The Russian Empire under the Tsar was rightly called a “prisonhouse of nations,” because it oppressed, within its borders, whole nations of people. The Bolsheviks saw that it was a principal task of the socialist revolution to dismantle national oppression and support self-determination for the oppressed nations.
The United States is likewise a prisonhouse of nations, where the African American nation in the Black Belt South, the Chicano nation in the Southwest and the Hawaiian nation are all oppressed within the borders of the imperialist U.S. It will be a principal task of the socialist revolution in the U.S. to answer the national question, and we can draw on the experience of the Bolsheviks and others to understand how to do that.

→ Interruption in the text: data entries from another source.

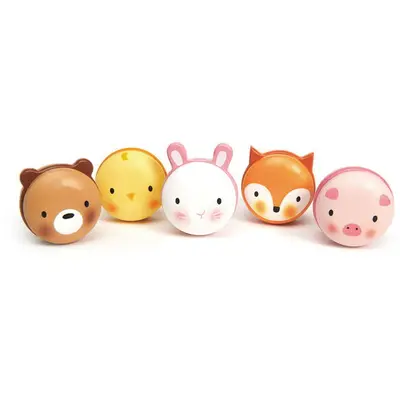 Tender Leaf Jucarie din lemn premium, Macarons dulci, Tender Leaf Toys - Animal Macarons, 2+ ani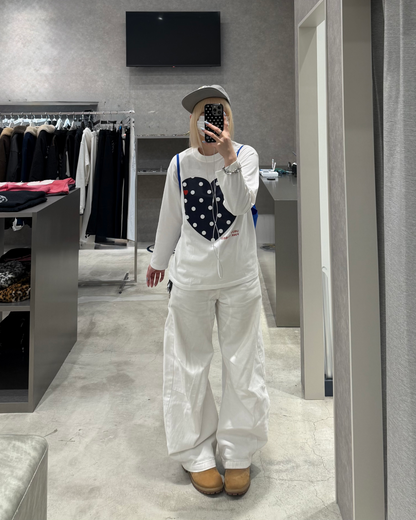 ドットハートプリントスウェット KC0235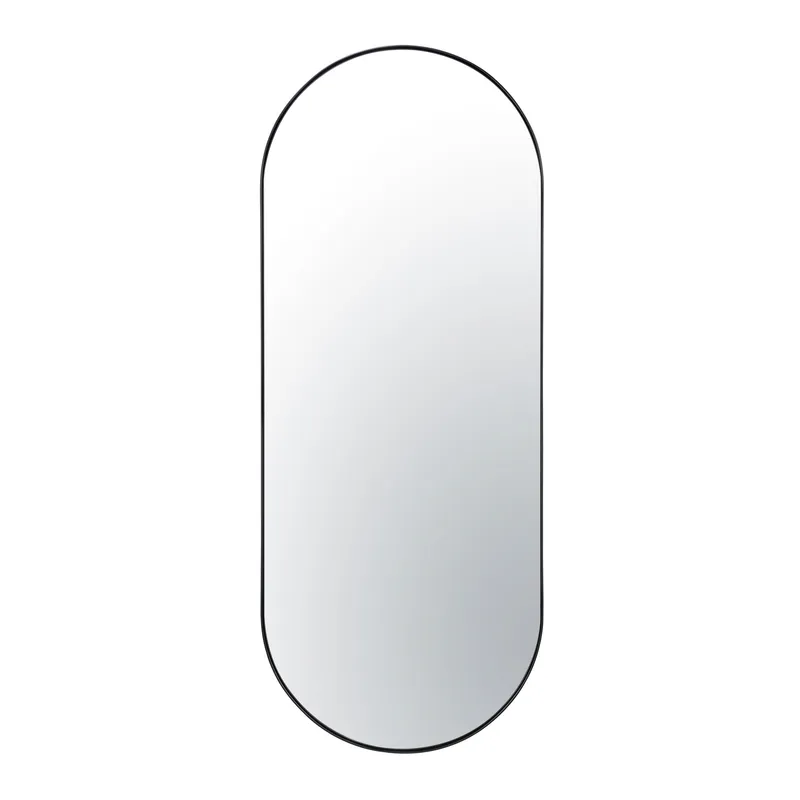 Capsule 24x60 Mirror - Black — Varaluz Lighting LED Wall Lights  
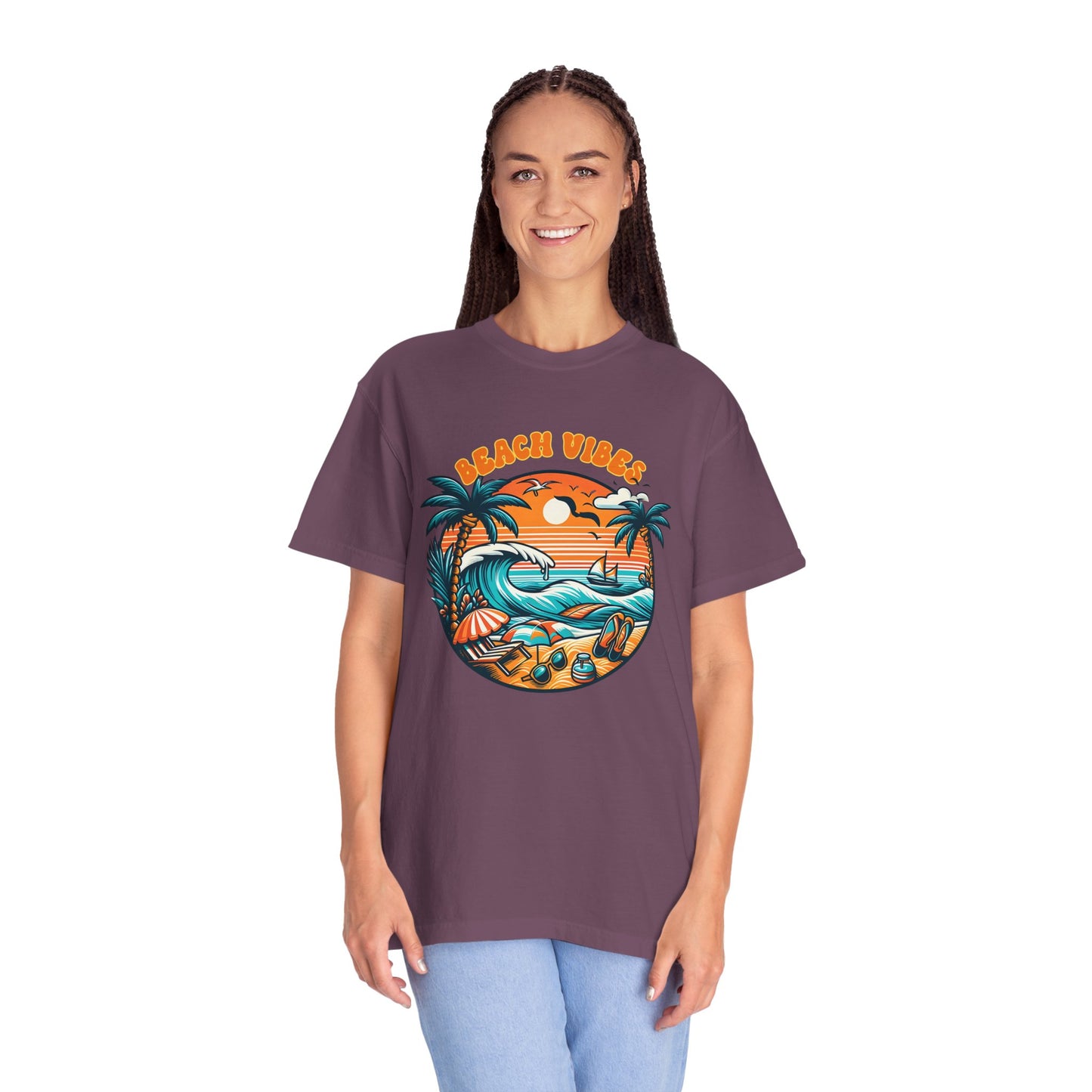 Beach Vibes - Retro Summer Bliss T-Shirt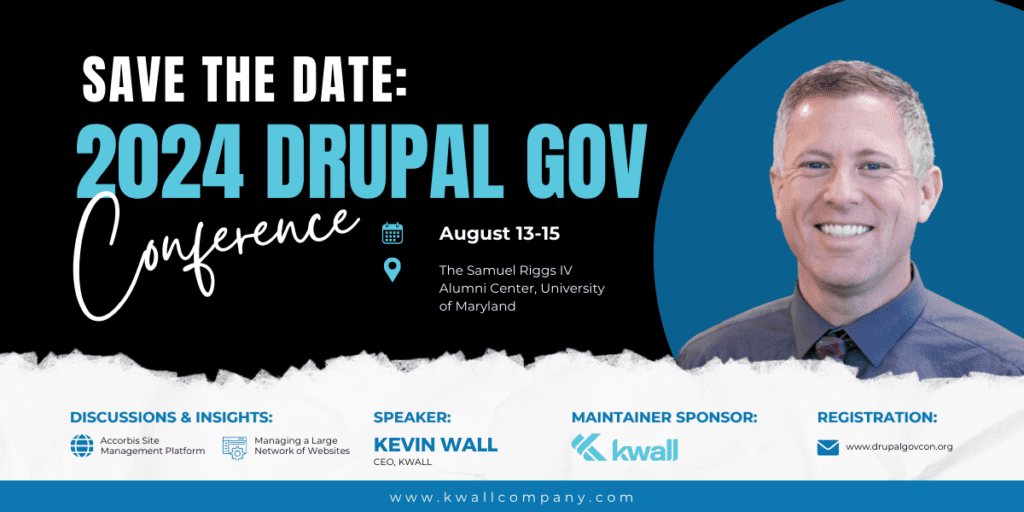 Save the Date: Drupal GovCon 2024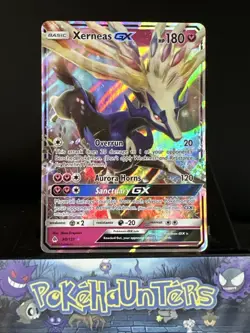 Pokemon Card Xerneas GX 90/131 Forbidden Light Holo Ultra Rare NM - Image 1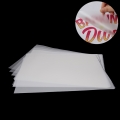 Fabrika fiyat tedarikçisi sıcak/soğuk soyma şeffaf pet film levhası t-shirt baskı ısı transferi için 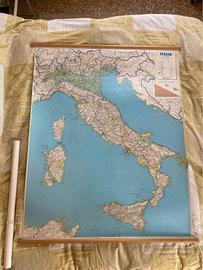 Cartina stradale Italia anno 1998 + mappa Laguna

The great African American communist leader and Marxist-Leninist theorist Harry Haywood lived in the Soviet Union, from 1925 to 1930, where he witnessed firsthand how the national question was handled there. In his autobiography Black Bolshevik, Haywood explained his experience there and the theory that guided the USSR on the national question. He writes,
“…the formation of peoples into nations is an objective law of social development around which the Bolsheviks, particularly Lenin and Stalin, had developed a whole body of theory. According to this theory, a nation is a historically constituted stable community of people, based on four main characteristics: a common territory, a common economic life, a common language and common psychological makeup (national character) manifest in common features in a national culture. Since the development of imperialism, the liberation of oppressed nations has become a question whose final resolution would only come through proletarian revolution.”
Haywood goes on to explain that the overthrow of the tsar and the construction of socialism required the unity of nationalities, and that this unity had to be based on “equality before the law for all nationalities – with no special privileges for any one people – and the right of the colonies and subject nations to separate.”
Thus, after the Bolsheviks seized power in the October Revolution, these principles were turned into the law of the land. Socialism set out to remove the effects of national oppression within the liberated nations of the former Russian Empire. Resources were diverted to them to raise their standards of living, education, health, and so on, while respecting and developing their cultural and political institutions. For example, Haywood writes of witnessing this policy in action in Crimea and the Caucasus in 1927 and 1928:
“The languages and culture which had been stifled under the czarist regime were now being developed. The language of the Crimean people was a Turko-Tartar language, but before the Revolution, almost all education, such as there was, was in the Russian language. Now there were schools established which used the native language.”
Abolishing national oppression is the first step, since it is the material basis of racism and prejudice. But as Haywood explains, after the Bolshevik revolution,
“…remnants of national and racial prejudice from the old society were attacked by education and law. It was a crime to give or receive direct or indirect privileges, or to exercise discrimination because of race or nationality. Any manifestation of racial or national superiority was punishable by law and was regarded as a serious political offense, a social crime.”
Haywood explains that in all of his five years in the Soviet Union, he only experienced a single instance of racism, which was met with outrage from bystanders, leading to an impromptu mass meeting and the arrest of the perpetrator. It may be hard to imagine in the U.S. today, where the police murder Black, Chicano, and other oppressed people with impunity every day, but in the USSR in the 1920s, a racial slur led to a night in jail for the offender. Creating a just society free of racism and national oppression was taken seriously.
It isn’t possible to predict exactly how the national question will be resolved in the course of socialist revolution. What we can say is that the U.S. colonies, such as Puerto Rico and Guam, must be granted their independence – if they have not already achieved by their own efforts. The full sovereignty of native peoples must be respected as must the right to national development. And the Black, Chicano and Hawaiian oppressed nations must have the right to self-determination, to choose whether or not to separate their historically constituted national territory.
The national question in the United States will be solved in practice by the working and oppressed people themselves in the course of socialist revolution. But we can draw many lessons from the experiences of others. In the Soviet Union this played out through the formation of Soviet republics of the formerly oppressed nations. In China it led to national autonomous regions.
In any case, the national question must be answered correctly both before and after the revolution, for its purpose is twofold. First, it is necessary to right the past wrongs of U.S. imperialism and see that they are not perpetuated. As Lenin said, the right of national self-determination, like the right to divorce, can be the only basis for a true, voluntary unity. Second, that unity is the only way we can defeat the oppressors. Only the strategic alliance of the multinational working class and the movements for national liberation can form the core of the united front necessary to topple monopoly capitalism, and only by freeing all peoples can the working class itself ever hope to be free.